Aber schon seit Längerem liegen uns die Anhörungsunterlagen vor, und wir erleben den Protest im ganzen Land, sozusagen tagtäglich: Wiesbaden, Hanau, Berkatal, Eschwege, Wetzlar, Kassel, Gießen, Treysa, Darmstadt, um nur einige der Städte zu nennen, in denen es Veranstaltungen, Kundgebungen oder Demonstrationen gegeben hat. Wettwickeln für Politiker ist eine der Veranstaltungen, zu denen noch eingeladen wird. Sie sind alle aufgefordert, einmal auszuprobieren, wie das funktionieren kann. Es gibt ein Elternbündnis gegen das KiföG bei Facebook. Es gab einen landesweiten stillen Protest auf allen Dorf- und Marktplätzen gegen das geplante Kinderförderungsgesetz. Ich wüsste nicht, wann die Bevölkerung – egal, ob im städtischen oder ländlichen Bereich – mehr auf den Barrikaden war als in diesem Fall. Und das mit Recht.

(Beifall bei der LINKEN)

Dafür braucht es nicht die Opposition, um – so, wie Sie es darzustellen versuchen – die Bevölkerung aufzuhetzen, sondern im Gegenteil ist es so, dass wir Einladungen bekommen, denen wir gar nicht mehr nachkommen können und – an die FDP gerichtet – zum Teil wohl auch gar nicht nachkommen wollen. Ich erlebe ganz viele Orte, wo schlicht niemand von der FDP vertreten ist, um sich den Protest der Menschen anzuhören.

Der Minister hat vorhin gesagt, die Oppositionsfraktionen würden die Bevölkerung und die Erzieherinnen und Erzieher aufhetzen. Das Gegenteil ist der Fall. Es gibt Informationsveranstaltungen, zu denen alle eingeladen sind, darzustellen, was sie darüber denken. Ich verstehe nicht, warum Vertreter der Regierungsfraktionen dort nicht erscheinen, um den Menschen zu erklären, wie gut ihr Gesetz ist. Es wäre doch Ihre Aufgabe, dies zu tun.

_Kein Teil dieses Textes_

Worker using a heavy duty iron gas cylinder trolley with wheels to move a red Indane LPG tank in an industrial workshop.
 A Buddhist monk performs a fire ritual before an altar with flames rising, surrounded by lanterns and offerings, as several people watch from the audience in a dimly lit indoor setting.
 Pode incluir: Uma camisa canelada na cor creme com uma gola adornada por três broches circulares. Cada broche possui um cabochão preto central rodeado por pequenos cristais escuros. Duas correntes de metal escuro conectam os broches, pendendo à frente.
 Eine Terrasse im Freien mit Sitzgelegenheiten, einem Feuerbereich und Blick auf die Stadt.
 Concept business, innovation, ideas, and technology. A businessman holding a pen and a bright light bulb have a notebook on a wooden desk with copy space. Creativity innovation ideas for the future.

(Beifall bei der LINKEN – Hermann Schaus (DIE LINKE): Das können sie nicht!)

Eben. Da sie es nicht können, kommen sie lieber gar nicht erst.

Zu diesem Dilemma kommt, dass wir in der Situation, in der sich die Gemeinden befinden, überall über Gebührenerhöhungen diskutieren oder sie schon haben, beispielsweise in Bad Homburg mit großen Protesten, Frankfurt, Bad Sooden-Allendorf, Dietzenbach, Hanau, Kassel – auch hier könnte man endlos aufzählen.

Dann wird sinnlos Geld für so etwas Unnützes wie das Betreuungsgeld verschwendet, das im Grunde nur dafür da ist, das Problem mit der Betreuung in Einrichtungen abzufedern. Nichts anderem dient es doch; denn es schafft doch nicht Wahlfreiheit, von der immer die Rede ist.

Zum Inhalt. Zu der Diskussion darüber, wer mitarbeiten darf und was eine Fachkraft ist, hat der Minister heute Morgen gesagt, er bekomme viele Briefe, warum z. B. eine Psychologin nicht mitarbeiten darf, was nunmehr endlich möglich würde. – Das mag ja so sein und das mag auch gut sein, dass eine Psychologin in einer Kita gut eingesetzt ist. Dann soll man doch den Katalog derer, die dort arbeiten dürfen, auf solche Fachkräfte ausweiten. Dagegen hat niemand etwas. Aber die Wahrscheinlichkeit, dass eine Psychologin, die im Durchschnitt wohl eher 4.000 € verdient, sich für weniger als 2.000 € in einer Kita verdingt, ist doch nicht so hoch.

(Gerhard Merz (SPD): Das gilt auch für Förster!)

Wenn Sie höher qualifiziertes Personal haben wollen, dann schreiben Sie das. Dann hätten Sie auch keinen Protest heraufbeschworen.